Shailendra Pal Singh1, Suraj Kumar2, Gowrishankar Potturi3* and Raj Kumar4

1Professor and Head, Department of General Surgery, Uttar Pradesh University Of Medical Sciences, Saifai, Etawah, UP, India

2Associate Professor and Head, Dept. of Physiotherapy, Faculty of Paramedical sciences, Uttar Pradesh University of Medical Sciences, Saifai, Etawah, UP, India

3Department of Physiotherapy, Faculty of Paramedical Sciences, Uttar Pradesh University of Medical Sciences, Saifai, Etawah, India

4MCh. PhD (Ayurveda), DSc., Vice-chancellor, Uttar Pradesh university of Medical Sciences, Saifai, Etawah, Uttar Pradesh, India

*Corresponding author: Gowrishankar Potturi, Department of Physiotherapy, Faculty of Paramedical Sciences, Uttar Pradesh University of Medical Sciences, Saifai, Etawah, UP, India

Citation: Singh SP, Kumar S, Potturi G, Kumar R. (2021) Critical Respiratory Dysfunction and Role of Chest Physiotherapy in Sars Cov-2 Pandemic: a Case Series. Adv Clin Med Res. 2(1):1-8.

Received: February 15,  2021, | Published: February 26, 2021

Copyright© 2021 genesis pub by Singh SP, et al. CC BY-NC-ND 4.0 DEED. This is an open-access article distributedunder the terms of the Creative Commons Attribution-NonCommercial-No Derivatives 4.0 International License.,This allows others distribute, remix, tweak, and build upon the work, even commercially, as long as they credit the authors for the original creation.

DOI: https://doi.org/10.52793/ACMR.2021.2(1)-15

Abstract

COVID-19 is a serious burden on the health care workers, administration and government on critical care resources due to large burden of cases requiring critical care. The spectrum of disease ranges from influenza like illness to fever, cough, fatigue, sputum production and shortness of breath. Early intervention with chest physiotherapy can prevent the need for intubation in COVID-19 patients with respiratory distress. Seven cases from ICU and Eight cases from the Isolation ward were selected for current study. All cases were RT-PCR positive. The patients were assessed for the SPO2 levels, Level of dyspnea, Anxiety and depression levels by Hospital anxiety and depression scale (HADS) pre intervention and post intervention.

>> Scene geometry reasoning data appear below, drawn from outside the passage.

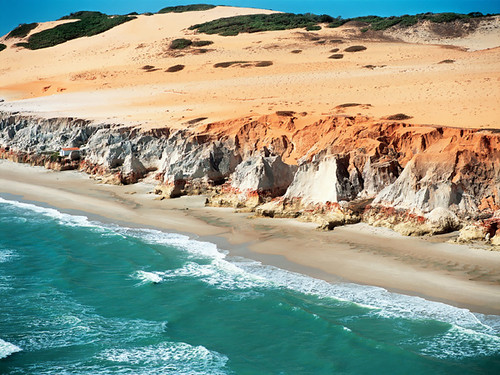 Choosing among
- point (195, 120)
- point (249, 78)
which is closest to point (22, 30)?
point (249, 78)

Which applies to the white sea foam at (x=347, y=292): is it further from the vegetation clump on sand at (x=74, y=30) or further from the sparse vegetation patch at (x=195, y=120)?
the vegetation clump on sand at (x=74, y=30)

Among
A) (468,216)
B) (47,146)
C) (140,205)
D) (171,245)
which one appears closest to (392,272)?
(468,216)

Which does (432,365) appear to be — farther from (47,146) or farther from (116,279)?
(47,146)

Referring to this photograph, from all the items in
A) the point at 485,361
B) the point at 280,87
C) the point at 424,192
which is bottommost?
the point at 485,361

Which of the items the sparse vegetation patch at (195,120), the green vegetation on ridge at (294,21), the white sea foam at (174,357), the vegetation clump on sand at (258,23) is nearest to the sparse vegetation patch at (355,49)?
the green vegetation on ridge at (294,21)

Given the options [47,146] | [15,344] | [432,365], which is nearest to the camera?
[432,365]

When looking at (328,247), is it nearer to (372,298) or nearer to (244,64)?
(372,298) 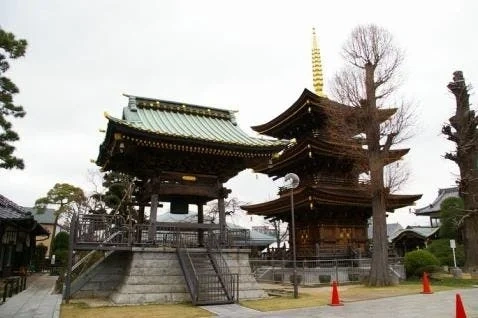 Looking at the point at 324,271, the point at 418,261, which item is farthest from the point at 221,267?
the point at 418,261

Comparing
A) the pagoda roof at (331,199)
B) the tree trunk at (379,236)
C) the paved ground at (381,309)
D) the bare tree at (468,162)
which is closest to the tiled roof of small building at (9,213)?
the paved ground at (381,309)

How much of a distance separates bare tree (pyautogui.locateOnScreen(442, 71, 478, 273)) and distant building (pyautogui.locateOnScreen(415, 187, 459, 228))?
107 feet

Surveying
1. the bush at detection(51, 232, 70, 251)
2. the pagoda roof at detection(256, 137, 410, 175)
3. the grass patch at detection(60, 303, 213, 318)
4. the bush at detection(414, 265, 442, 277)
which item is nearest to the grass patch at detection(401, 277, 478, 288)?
the bush at detection(414, 265, 442, 277)

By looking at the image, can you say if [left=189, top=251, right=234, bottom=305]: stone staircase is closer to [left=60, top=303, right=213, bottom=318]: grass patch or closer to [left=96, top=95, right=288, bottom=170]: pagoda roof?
[left=60, top=303, right=213, bottom=318]: grass patch

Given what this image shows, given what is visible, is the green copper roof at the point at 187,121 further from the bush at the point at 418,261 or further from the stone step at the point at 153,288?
the bush at the point at 418,261

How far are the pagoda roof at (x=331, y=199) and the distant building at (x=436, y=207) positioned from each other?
98.6ft

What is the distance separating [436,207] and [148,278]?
5432 centimetres

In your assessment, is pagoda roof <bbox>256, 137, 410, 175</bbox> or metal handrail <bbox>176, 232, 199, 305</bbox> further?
pagoda roof <bbox>256, 137, 410, 175</bbox>

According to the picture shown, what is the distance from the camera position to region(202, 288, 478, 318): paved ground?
38.4 feet

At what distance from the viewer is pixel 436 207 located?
59.0 metres

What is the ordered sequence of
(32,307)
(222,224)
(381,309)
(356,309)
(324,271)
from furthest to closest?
(324,271), (222,224), (32,307), (356,309), (381,309)

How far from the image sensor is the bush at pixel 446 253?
33312 millimetres

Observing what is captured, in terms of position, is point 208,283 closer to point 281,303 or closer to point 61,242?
point 281,303

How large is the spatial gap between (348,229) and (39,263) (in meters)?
34.0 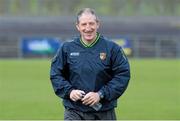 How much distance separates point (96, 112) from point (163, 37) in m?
41.4

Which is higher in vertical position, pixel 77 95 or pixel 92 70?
pixel 92 70

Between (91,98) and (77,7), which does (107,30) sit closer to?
(77,7)

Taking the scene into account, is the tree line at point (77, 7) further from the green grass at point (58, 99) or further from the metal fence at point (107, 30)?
the green grass at point (58, 99)

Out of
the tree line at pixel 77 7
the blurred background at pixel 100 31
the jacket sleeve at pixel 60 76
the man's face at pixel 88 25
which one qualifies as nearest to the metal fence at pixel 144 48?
the blurred background at pixel 100 31

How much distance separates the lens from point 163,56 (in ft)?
150

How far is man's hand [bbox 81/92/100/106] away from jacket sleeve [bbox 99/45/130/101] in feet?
0.47

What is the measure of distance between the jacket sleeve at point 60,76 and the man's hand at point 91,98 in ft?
0.70

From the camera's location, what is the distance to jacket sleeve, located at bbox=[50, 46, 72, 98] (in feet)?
22.2

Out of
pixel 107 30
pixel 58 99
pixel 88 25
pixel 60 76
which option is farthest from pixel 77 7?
pixel 88 25

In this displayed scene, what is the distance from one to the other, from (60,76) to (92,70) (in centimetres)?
32

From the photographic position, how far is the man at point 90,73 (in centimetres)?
678

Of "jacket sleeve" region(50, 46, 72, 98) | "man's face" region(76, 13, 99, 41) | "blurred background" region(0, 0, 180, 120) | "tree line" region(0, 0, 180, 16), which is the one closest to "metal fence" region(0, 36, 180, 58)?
"blurred background" region(0, 0, 180, 120)

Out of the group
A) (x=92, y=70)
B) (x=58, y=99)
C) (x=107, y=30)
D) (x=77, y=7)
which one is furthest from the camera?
(x=77, y=7)

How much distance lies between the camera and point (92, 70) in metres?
6.79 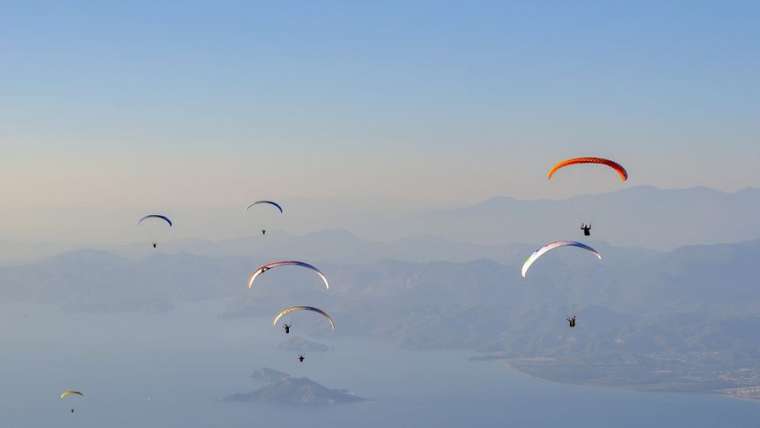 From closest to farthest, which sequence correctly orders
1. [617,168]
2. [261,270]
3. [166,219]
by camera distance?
→ [617,168] → [261,270] → [166,219]

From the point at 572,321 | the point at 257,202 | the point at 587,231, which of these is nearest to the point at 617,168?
the point at 587,231

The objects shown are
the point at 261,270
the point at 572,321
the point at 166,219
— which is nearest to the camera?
the point at 572,321

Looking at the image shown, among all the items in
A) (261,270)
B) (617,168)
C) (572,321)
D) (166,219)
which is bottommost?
(572,321)

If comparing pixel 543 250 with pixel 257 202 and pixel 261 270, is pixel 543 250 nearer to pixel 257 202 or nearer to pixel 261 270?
pixel 261 270

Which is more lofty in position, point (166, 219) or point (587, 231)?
point (166, 219)

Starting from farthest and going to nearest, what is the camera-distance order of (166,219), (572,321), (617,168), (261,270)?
(166,219) → (261,270) → (572,321) → (617,168)

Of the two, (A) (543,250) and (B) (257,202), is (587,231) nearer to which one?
(A) (543,250)

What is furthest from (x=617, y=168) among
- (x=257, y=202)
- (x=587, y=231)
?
(x=257, y=202)

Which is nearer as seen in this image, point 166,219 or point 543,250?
point 543,250

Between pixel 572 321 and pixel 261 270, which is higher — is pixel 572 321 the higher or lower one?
the lower one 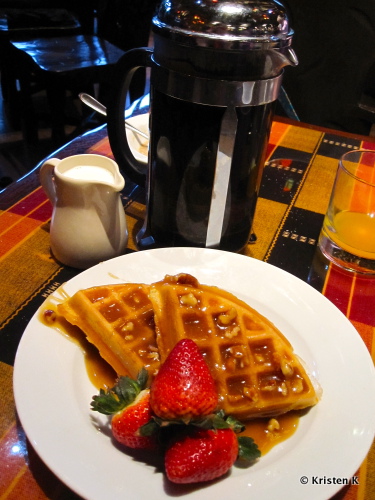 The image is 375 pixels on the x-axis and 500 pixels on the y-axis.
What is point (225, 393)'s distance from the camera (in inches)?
25.9

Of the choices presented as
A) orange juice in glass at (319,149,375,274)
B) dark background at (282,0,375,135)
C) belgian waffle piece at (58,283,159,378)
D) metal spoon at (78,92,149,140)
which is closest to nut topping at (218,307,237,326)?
belgian waffle piece at (58,283,159,378)

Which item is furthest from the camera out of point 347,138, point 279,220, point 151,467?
point 347,138

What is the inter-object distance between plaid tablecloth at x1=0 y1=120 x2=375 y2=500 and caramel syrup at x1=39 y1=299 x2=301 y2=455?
0.09 metres

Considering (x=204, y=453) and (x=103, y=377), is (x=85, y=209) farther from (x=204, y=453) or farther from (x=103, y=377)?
(x=204, y=453)

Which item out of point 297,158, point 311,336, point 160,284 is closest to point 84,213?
point 160,284

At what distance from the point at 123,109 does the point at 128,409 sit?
0.66m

After the physiotherapy sessions, it was observed that the recovery is speeded and the patients anxiety and depression levels also decreased with increase in self-esteem and confidence in these cases. . As we know that the COVID-19 cases suffer from dyspnea, reduced rate and depth of respiration, weakness, anxiety and depression which can increase the risk of mortality.Early physiotherapeutic interventions in the form of NPF, PNF, ACBT, Acupressure, Aerobic activities improved the respiratory health along with reduction in anxiety and depression may result in good outcome in these cases. Early Physiotherapy when given regularly can avoid the need for mechanical ventilation, thus can prevent mortality in COVID-19 patients. Hence, early interventional physiotherapy can be incorporated in the scheduled treatment protocols of COVID-19 patients globally.

Keywords

COVID-19; ICU; Physiotherapy; Accupressure

Introduction

Severe acute respiratory syndrome corona virus 2 (SARSCoV2) is a highly contagious respiratory virus that spread rapidly among humans [1]. Fifteen percent of cases suffer from severe pneumonitis requiring critical care and oxygen support while 5 % become more critically ill needing intubation for artificial ventilator support. In a study by Xu Li et.al, the incidence of Acute respiratory distress syndrome (ARDS) was 15.6-31 % higher than other organ injuries in COVID-19 in developing countries. Most opted respiratory care in many countires being prone positioning, PEEP, mechanical ventilation. Physiotherapy is being adopted in many covid affected countires and coming into limelight in pulmonary rehabilitation in covid-19.   Early intubation is recommended when there is severe hypoxemia with SPO2 <90 mmHg [2]. Mortality during mechanical ventilation appears to be high [3]. Early intervention with chest physiotherapy can prevent the need for intubation in COVID-19 patients with respiratory distress. Chest physiotherapy focuses on airway clearance techniques, re-expansion collapsed segments of the lungs, maintaining adequate levels of oxygenation. These may delay or prevent the need of intubation and may facilitate early weaning and reducing the chances of re-intubation. Apart from the respiratory complications, COVID-19 patients also exhibit wide range of significant psychological stress that impacts the general health of the patient. This is a report on case series of 15 cases of SARS CoV-2 with respiratory dysfunction and the importance of Chest physiotherapy in SARS CoV-2 pandemic for avoiding mechanical ventilation, reducing the anxiety, depression and hence mortality rate by designing individualized treatment protocols for a better outcome. This is a report on case series of 15 cases of SARS CoV-2 with respiratory dysfunction and the importance of Chest physiotherapy in SARS CoV-2 pandemic for avoiding mechanical ventilation, reducing the anxiety, depression and hence mortality rate by designing individualized treatment protocols for a better outcome.

Methodology

The SARS-CoV-2 cases (N=15) were selected from ICU and Isolation ward following a recommendation for physiotherapy by senior physicians from Level 3 COVID hospital in Uttar Pradesh, India.  Both males (N=13) and females (N=2) cases were selected for the study. An informed consent was taken from these subjects.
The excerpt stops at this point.